I have proved that a totally bounded metric space is bounded using the idea of epsilon nets, but can't work the attached out.
Any solutions would be great thanks.
If $\displaystyle k\neq l$ then $\displaystyle d(e_k,e_l)= \left( \sum_{n=1}^{\infty } |e_{k}^n - e_{l}^n|^2 \right) ^{\frac{1}{2} } = (1+1)^{\frac{1}{2} } $ because $\displaystyle e_k$ and $\displaystyle e_l$ have their respective $\displaystyle 1$ in different places.
Also it doens't matter which number it is, just that each point is a constant distance away from each other, and so any net we try to build with a number smaller than this constant will fail to cover all from a finite point set.

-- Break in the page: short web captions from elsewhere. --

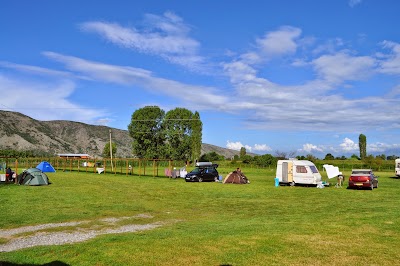 campground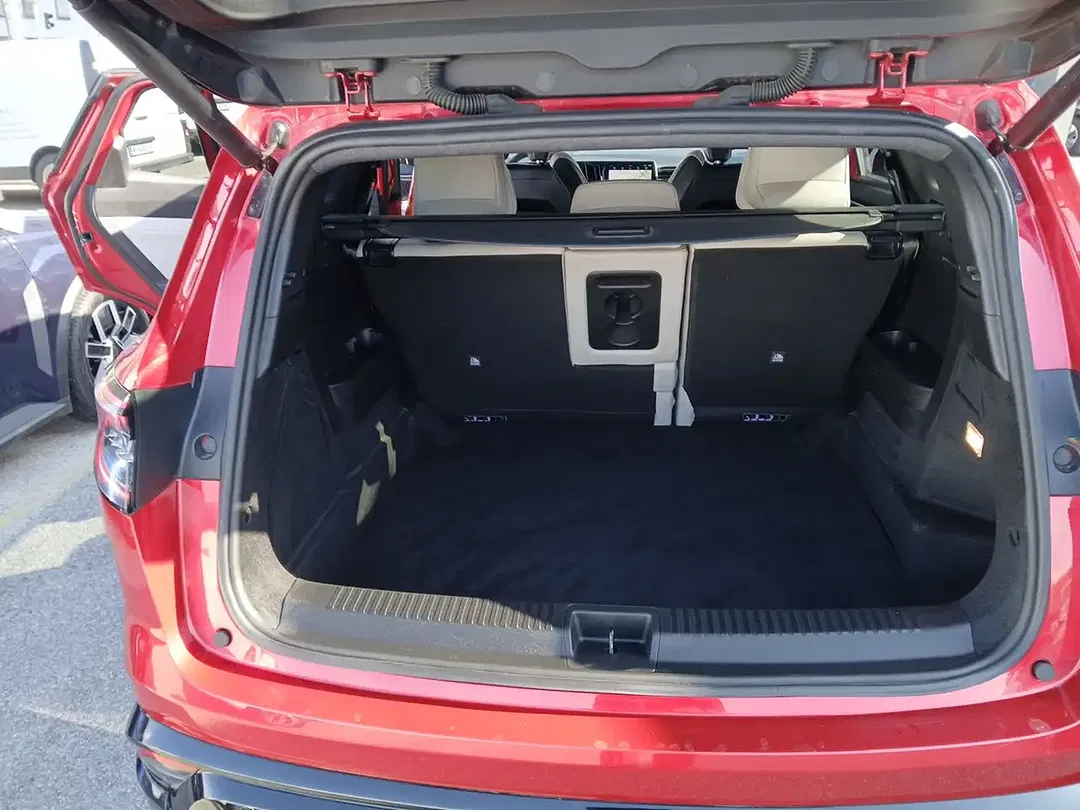 Renault Espace - Thumbnail 10
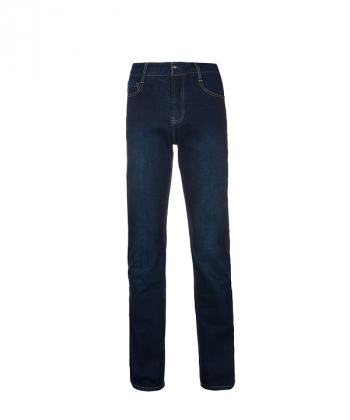 شلوار جین راسته مردانه جین وست Jeanswest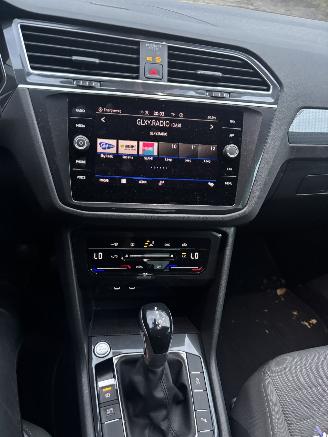 Volkswagen Tiguan 1.5 TSI Life Business picture 12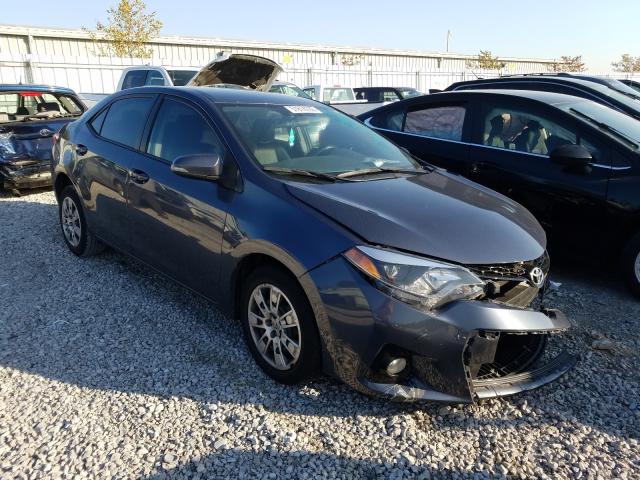 TOYOTA COROLLA L 2015 5yfburhe2fp268127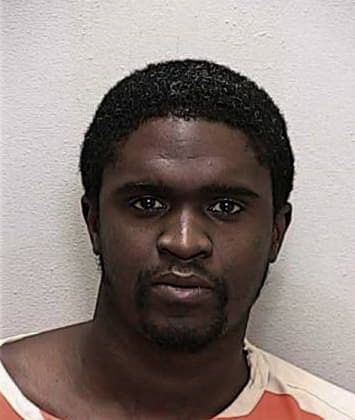 Andre Washington, - Marion County, FL 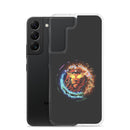 FireFlame Case for Samsung®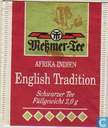 Afrika-Indien English Tradition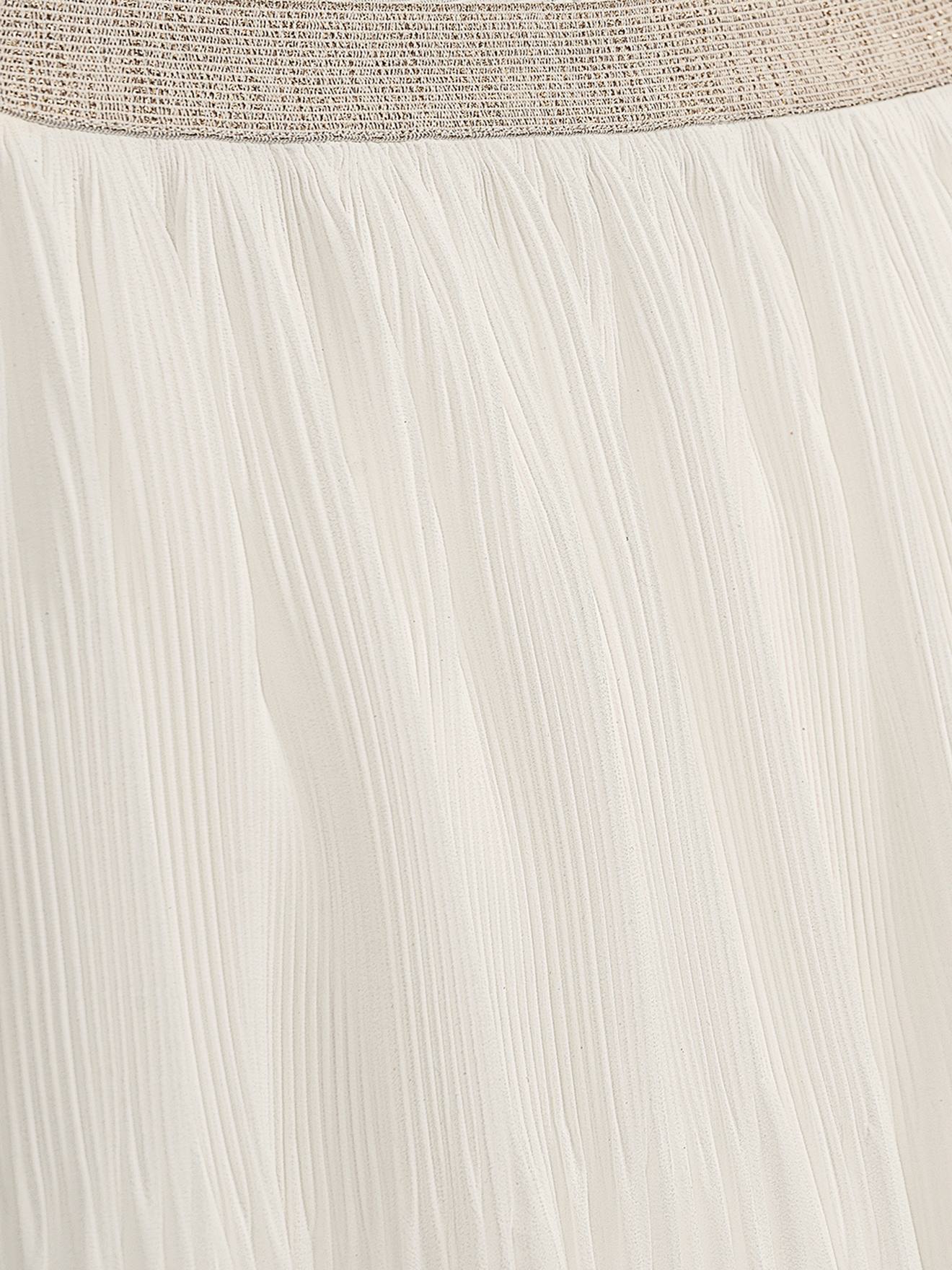 Thumbnail - Festlicher Plisseerock DDOMINIQUE Mädchen DANAMADE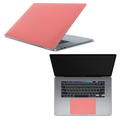 Apple MacBook Skin Light Coral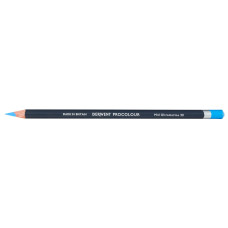 Derwent Procolour Mid Ultramarine Kalem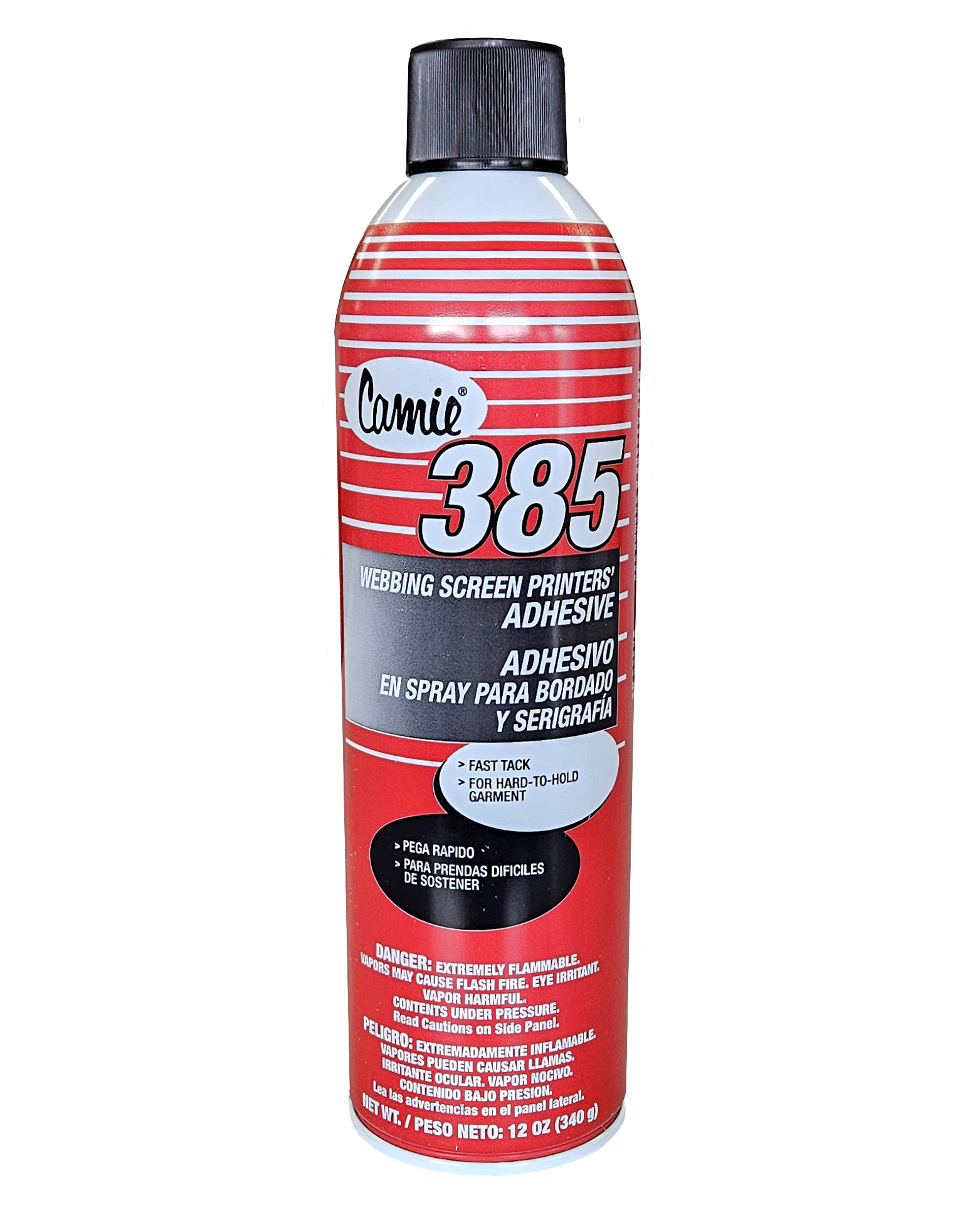 EACH -  CAMIE 385 WEB ADHESIVE SPRAY image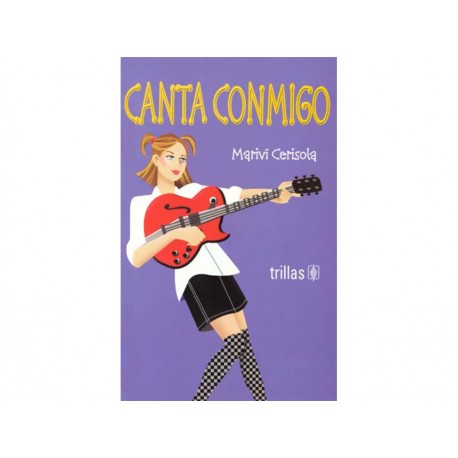 Canta Conmigo-ComercializadoraZeus- 1038004561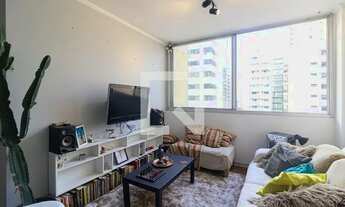Imagem 2: Apartamento à Venda - Perdizes, 2 Quartos, 97 m2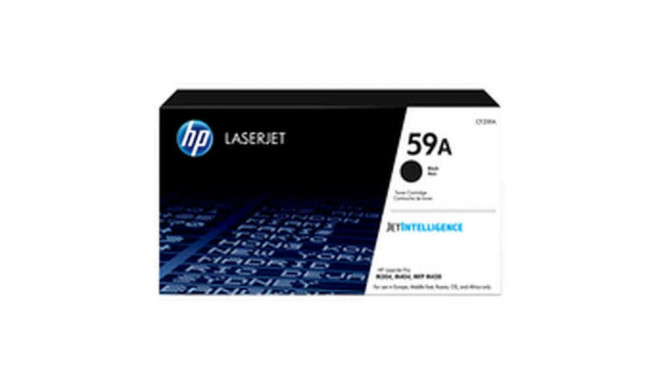 Originaalne Tooner HP 59A Must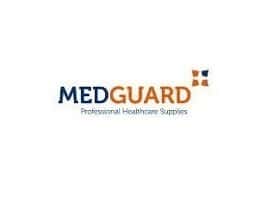 Medguard logo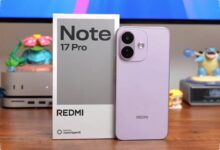 Layar 7 Inci dan Baterai 8.000mAh, Redmi Note 17 Langsung Pamer Kelebihannya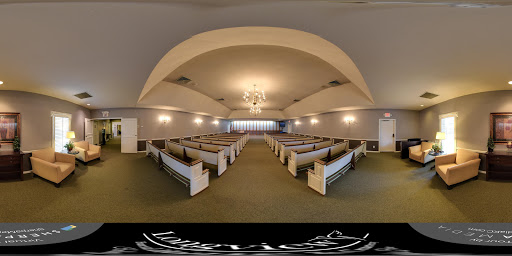Funeral Home «Longview Funeral Home and Cemetery», reviews and photos, 12700 SE Raytown Rd, Kansas City, MO 64149, USA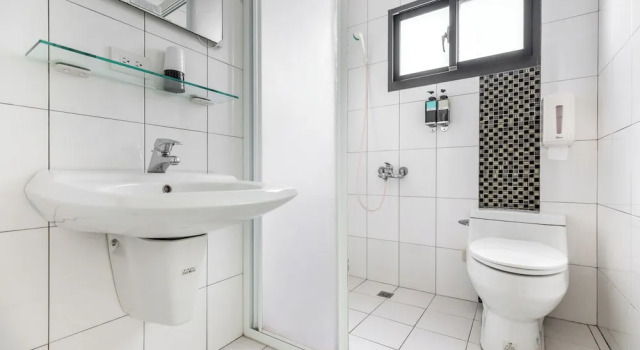 Deluxe Kahden hengen huone parvekkeella Summer Crazy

Assume it is totally bounded and pick a number $\displaystyle 0<a<\sqrt{2}$ then we must have that there exist $\displaystyle e_{m_1},...,e_{m_k} \in (e_j)_{j\in \mathbb{N} }$ such that $\displaystyle (e_j)_{j\in \mathbb{N} } \subseteq \cup_{i=1}^{k} B_a(e_{m_i} ) $ but $\displaystyle B_a(e_{m_i} ) = \{ y \in l_2 : d(y,e_{m_i})<a \}$ and so $\displaystyle (e_j)_{j\in \mathbb{N} } \cap B_a(e_{m_i} ) = \{ e_{m_i} \}$